* _WHAT YOU SHOULD DO_
Write the data out in full and word for word. Do not include images.

* _THE RECORDS_
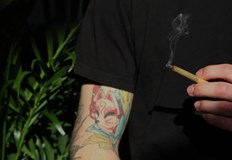 Полицаите намерили кутия от цигари с тревна масаБързо производство за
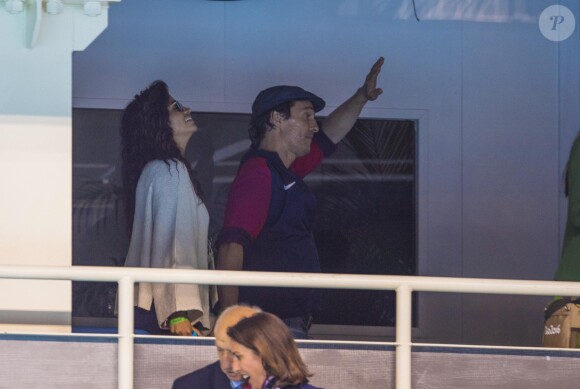 Matthew McConaughey avec sa femme Camila Alves assistent à la deuxième demi-finale du 200m masculin quatre nages individuel au stade olympique de natation aux Jeux Olympiques (JO) de Rio 2016 à Rio de Janeiro, Brésil, le 10 août 2016.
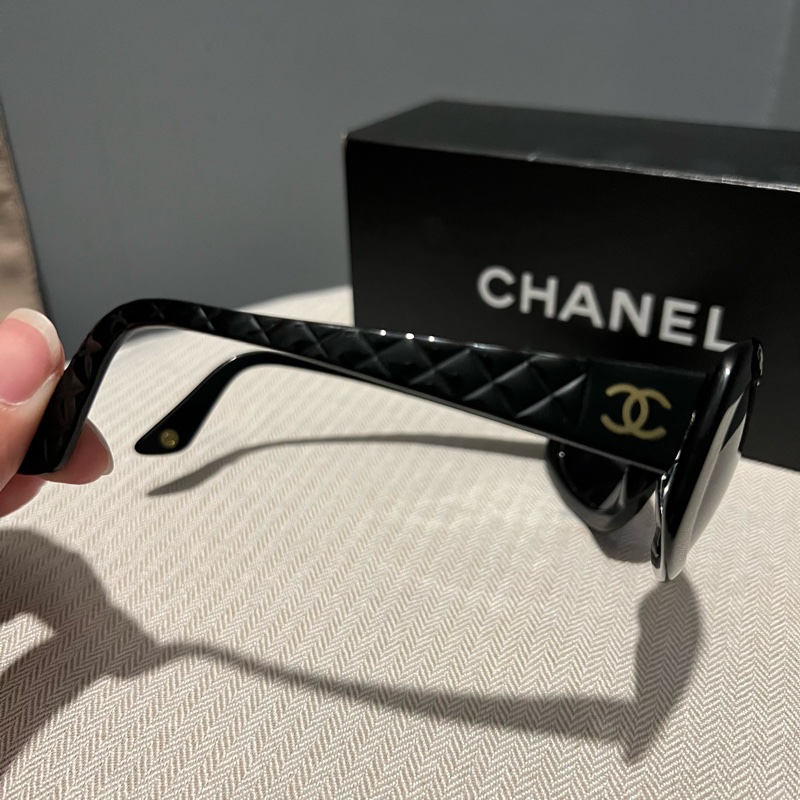 Chanel香奈兒  經典菱格壓印墨鏡-5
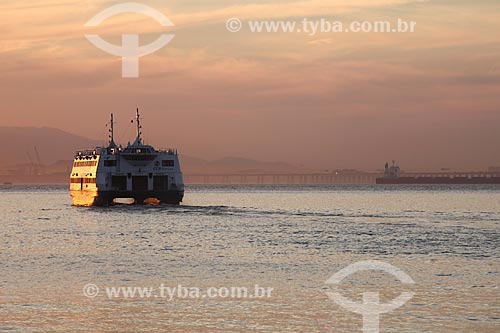  Ferry making Rio-Niterói crossing in Guanabara Bay  - Rio de Janeiro city - Rio de Janeiro state (RJ) - Brazil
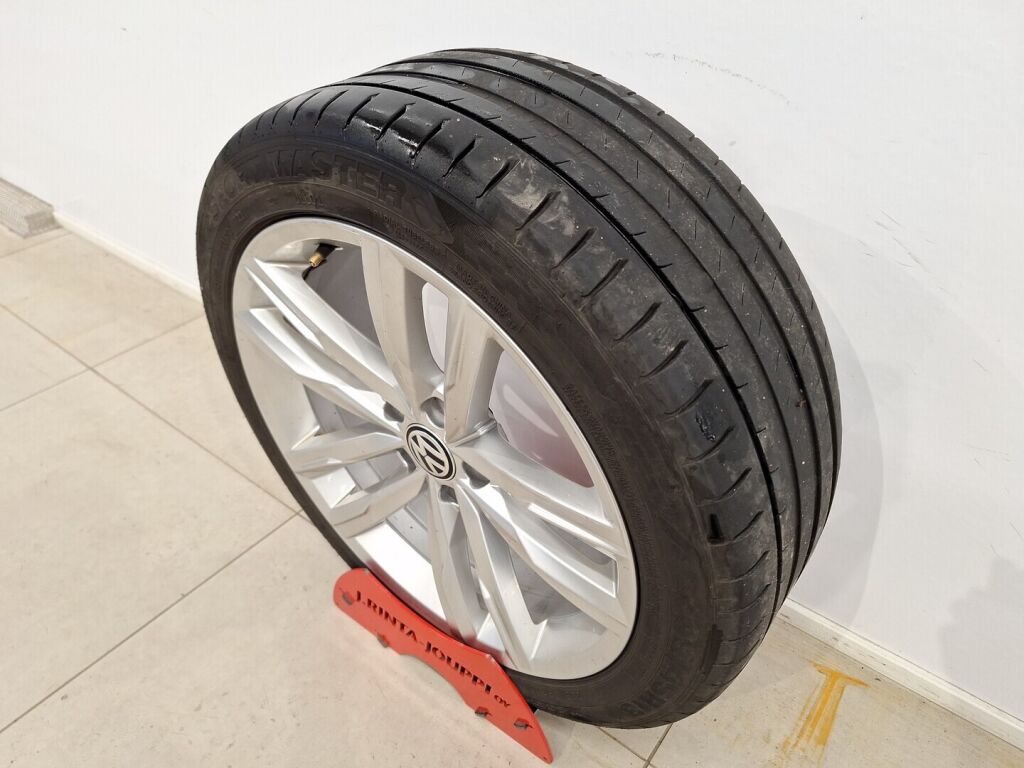 Volkswagen Passat 2015 Valkoinen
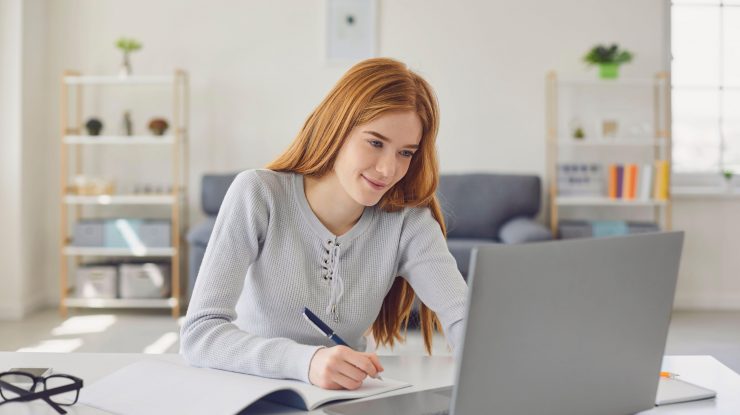 Studenții internaționali, înscriși la facultăți din SUA cu program online, vor fi nevoiți să părăsească țara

* _SOLVED PROBLEM_
 Полицаите намерили кутия от цигари с тревна масаБързо производство за
 Matthew McConaughey avec sa femme Camila Alves assistent à la deuxième demi-finale du 200m masculin quatre nages individuel au stade olympique de natation aux Jeux Olympiques (JO) de Rio 2016 à Rio de Janeiro, Brésil, le 10 août 2016.
 Chanel香奈兒  經典菱格壓印墨鏡-5
  Ferry making Rio-Niterói crossing in Guanabara Bay  - Rio de Janeiro city - Rio de Janeiro state (RJ) - Brazil
 Volkswagen Passat 2015 Valkoinen
 Studenții internaționali, înscriși la facultăți din SUA cu program online, vor fi nevoiți să părăsească țara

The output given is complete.